Nada era normal en la vida de Starr, Paul McCartney, John Lennon y George Harrison en los swinging sixties, y Eight days a week - The Touring Years viene a dar acabada cuenta de ello. La película se acaba de estrenar en Inglaterra y en Estados Unidos puede verse incluso a través de la plataforma online Hulu, pero –a pesar de que se trata de The Beatles, un nombre que suele arrastrar público– es difícil que llegue a los cines argentinos: su destino más probable es el DVD / Blu Ray para consumo hogareño. Al frente del proyecto está Ron Howard, ese ex niño actor que, como protagonista de la serie Happy Days, llegó a cruzarse y saludar a Lennon cuando éste quiso conocer a Henry “Fonzie” Winkler en el set televisivo. Howard, director de hits como Splash, Apollo 13, Una mente brillante, El código Da Vinci y Frost / Nixon, resultó una excelente opción para ponerse al frente del proyecto ideado por Apple Corps. Como declaró en estos días, siempre gustó de la música del cuarteto de Liverpool pero sin llegar al fanatismo enfermo de la Beatlemanía: sí, en su décimo cumpleaños, en ese 1964 en que la banda conquistó Estados Unidos, pidió una peluca y unas botas Beatle. Pero su relación con la banda tuvo un carácter menos histérico que el de sus congéneres, lo que le permitió retratar el fenómeno con cierta distancia objetiva.
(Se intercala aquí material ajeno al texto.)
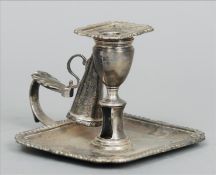 A George III silver chamberstick, hallmarked London 1807, maker`s mark of WJ Of shaped rectangular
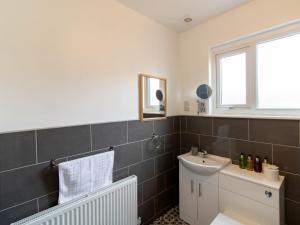 a bathroom with a sink and a mirror at Church View - Pass the Keys in Ferryhill +32 photos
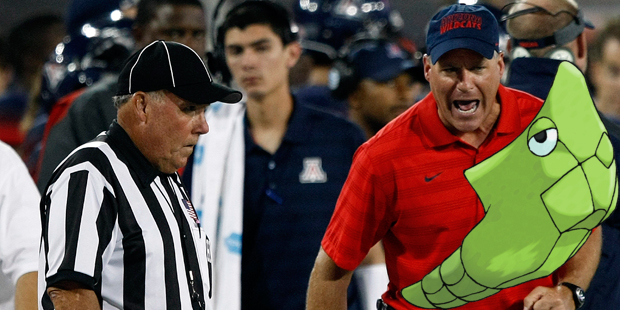 Rich Rodriguez directs Metapod after the Pokemon used harden instead of leaving the field, giving the Wildcats a penalty for too many players on the field.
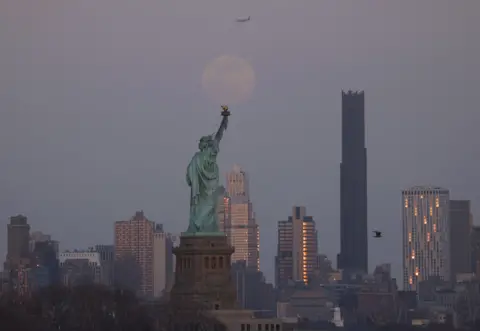 Shutterstock An indistinct moon can be seen behind the Statue of Liberty and the Brooklyn Tower in New York City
Ahora bien: ¿por qué y para qué realizar una nueva película sobre un tema tan transitado como los Fab Four, más allá de la obvia seguridad de la apuesta comercial? ¿Acaso no se ha escrito, analizado y retratado hasta el hartazgo a una banda que lleva 46 años separada, pero sigue teniendo influencia? Como suele suceder en estos casos, todo se desencadenó a partir de un par de hallazgos: una filmación muda de 1962, otra con sonido y en color de 1963 en el cine ABC de Manchester y, sobre todo, varios audios ocultos y la posibilidad de una restauración total de las cintas registradas en el Hollywood Bowl en los agostos de 1964 y 1965, a cargo de Giles Martin. Decidido a ofrecer un material que mereciera la pena verse, Howard salió a la caza de la mayor cantidad de material “raro” posible. Su premisa fue saltar por encima de un lugar común en la historia Beatle, el que indica que el período 1960-1966 fue el “aperitivo” de lo verdaderamente sustancioso, el momento en que abandonaron la actividad en vivo para reinventarlo todo en el estudio de grabación. Howard estaba decidido a demostrar que, además de ser la banda que parió cosas como Revolver, Sgt. Pepper’s lonely hearts club band y Abbey Road, The Beatles fueron un formidable grupo en vivo.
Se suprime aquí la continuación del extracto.